Wednesday, March 26, 2014

Long Live the King

After spending weeks reading theories of leadership, the conclusion is inescapable:  we don’t really have a good, persuasive, comprehensive theory of leadership.  Now that is not a terribly inspiring conclusion, but perhaps we were just looking in the wrong place.  Perhaps Leadership is not something best defined in theory.  Perhaps leadership is defined by practice.  And so, we turn to history.

First up, the First History on Leadership, the origin not only of something recognizable as a history book, but the first historical textbook on leadership.  Thucydides, The Peloponnesian War.

A note on editions:  if you want to read this book, there is no contest about which version to read.  The Landmark Thucydides, edited by Robert Strassler, is really the only choice.  An amazingly edited volume.  The maps alone make it worth the price—instead of one or two maps at the outset, there are maps on every single page in which the action changes venue; you never have to flip a page to get a sense of where you are in the world at the present moment.  Who knew that a surfeit of maps could make a book so enjoyable?  The footnotes are also amazing.  The side notes indicating what is going on in every paragraph are invaluable for finding things again.  The typeset is incredible.  I so want to say that I am totally in love with The Landmark Thucydides, but I am afraid that if I said that I would be committing biblioadultery—having given my heart to the Library of America, I am not sure I can be unfaithful to my other love.  But, if I was the adulterous type, The Landmark Thucydides would be my new bibliomistress.  But, please don’t tell the Library of America—I am not sure how jealous she is.

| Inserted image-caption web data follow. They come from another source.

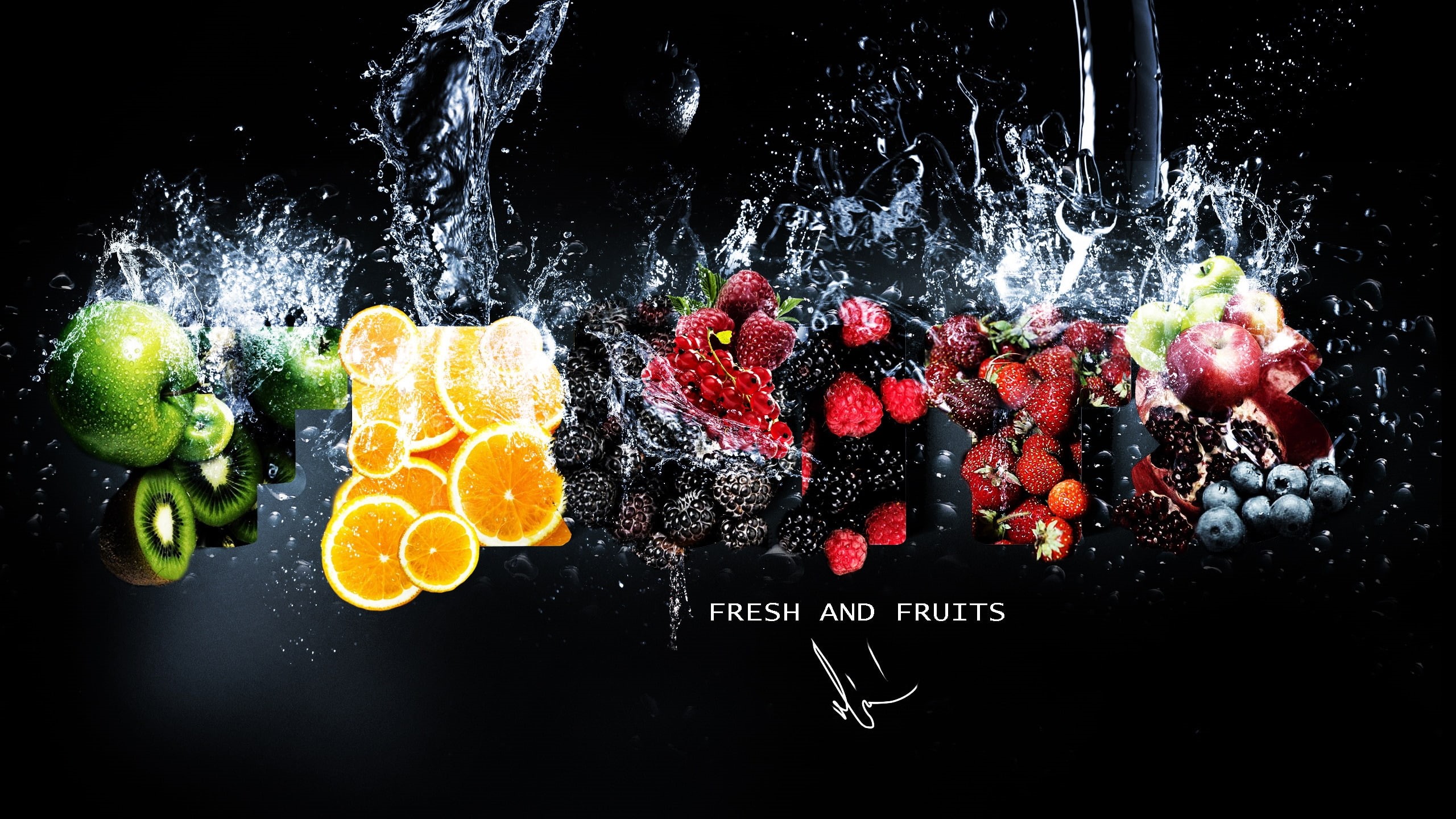 fruits, 2K, fresh, apples, water, kiwi, blueberries, berries, limes, HD Wallpaper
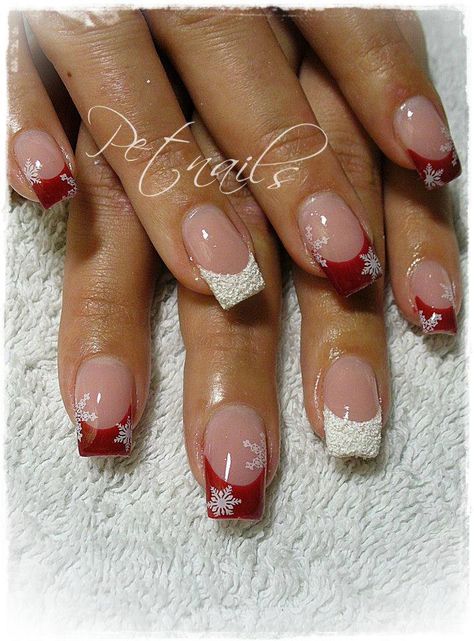 :) <3 Silver And Red Christmas Nails, Holiday Nails French Tip, Christmas Nails French Tip Holidays, Ombre Christmas Nails, French Christmas Nails, Christmas Nails French Tip, Christmas French Tip Nails, Santa Nails, Holiday Nails Winter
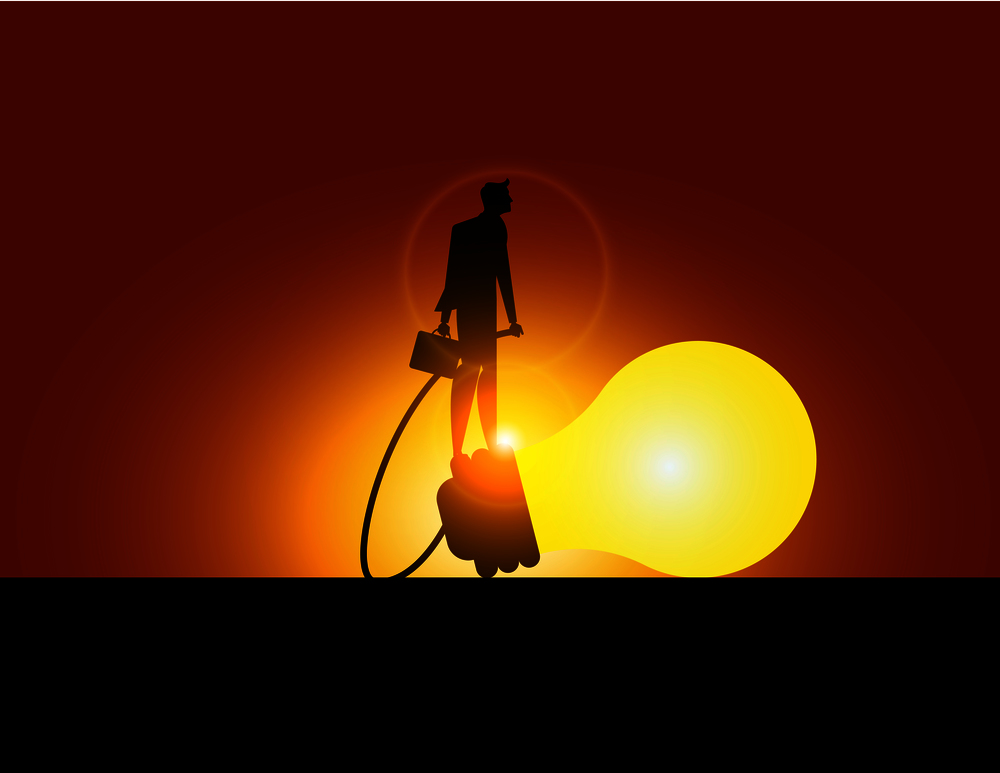 Businessman standing on bulb. Concept business idea vector illustration.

The beauty of the volume aside (sigh, such beauty), the book itself is fantastic.  An aside (shocking I know); I first read The Peloponnesian War when I was interviewing for a job at Mount Holyoke.  I even talked about the book during my interview with the Dean of Faculty here.  (And I got a job offer.  Coincidence?)  I enjoyed the book then, but without a doubt, after 20 years of extra reading, I enjoyed the book even more this time around.

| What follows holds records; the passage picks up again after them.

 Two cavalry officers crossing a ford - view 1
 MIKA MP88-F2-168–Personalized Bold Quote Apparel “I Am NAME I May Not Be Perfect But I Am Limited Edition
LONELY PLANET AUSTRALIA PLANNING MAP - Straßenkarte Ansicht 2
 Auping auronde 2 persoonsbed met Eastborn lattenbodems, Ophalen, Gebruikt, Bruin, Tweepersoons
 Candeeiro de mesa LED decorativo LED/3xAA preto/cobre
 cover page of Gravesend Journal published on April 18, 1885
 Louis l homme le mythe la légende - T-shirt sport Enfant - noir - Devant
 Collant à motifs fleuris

As a manual of leadership it raises an incredibly provocative question.  Thucydides is telling the story of the Death of Athenian Democracy.  The cause of Death:  Suicide.  Thucydides places great emphasis on the speeches given by assorted figures.  At the outset we get Pericles and the marvelous Funeral Oration extolling the virtues of Athenian democracy.  Over time, the speechmakers devolve more and more into demagoguery.  One way to read this book:  democracy generates leaders who make the best speeches.  But, the ability to make a great speech is not the same as the ability to be a wise and good leader.  So, what happens when the best speechmakers are unwise or downright self-serving?  Well, you end up with pointless wars which hollow out and eventually destroy the country. 

The application is pretty immediate, and hard to dispute.  In modern America, Rock Stars win.  Think about it; when was the last presidential election which was not won by the person with greater Star Power?  Maybe Nixon, but it may actually be Hoover or Coolidge or Harding.  At a minimum, in the entire time I have been politically aware (since I was 10 and Carter beat Ford), the candidate who was more like a Rock Star won.    (Even the totally uncharismatic George Bush Sr fits that rule—he drew Dukakis as an opponent.)  But, do Rock Stars make great presidents?  Sometimes.  (Reagan!).  Sometimes not (Hmmm…everyone else). 

That leads to the fascinating dilemma.  Suppose that by having a democratic government, you are doomed to end up with poor leaders who have nothing other than fine oratory skills.  Does that make democracy bad?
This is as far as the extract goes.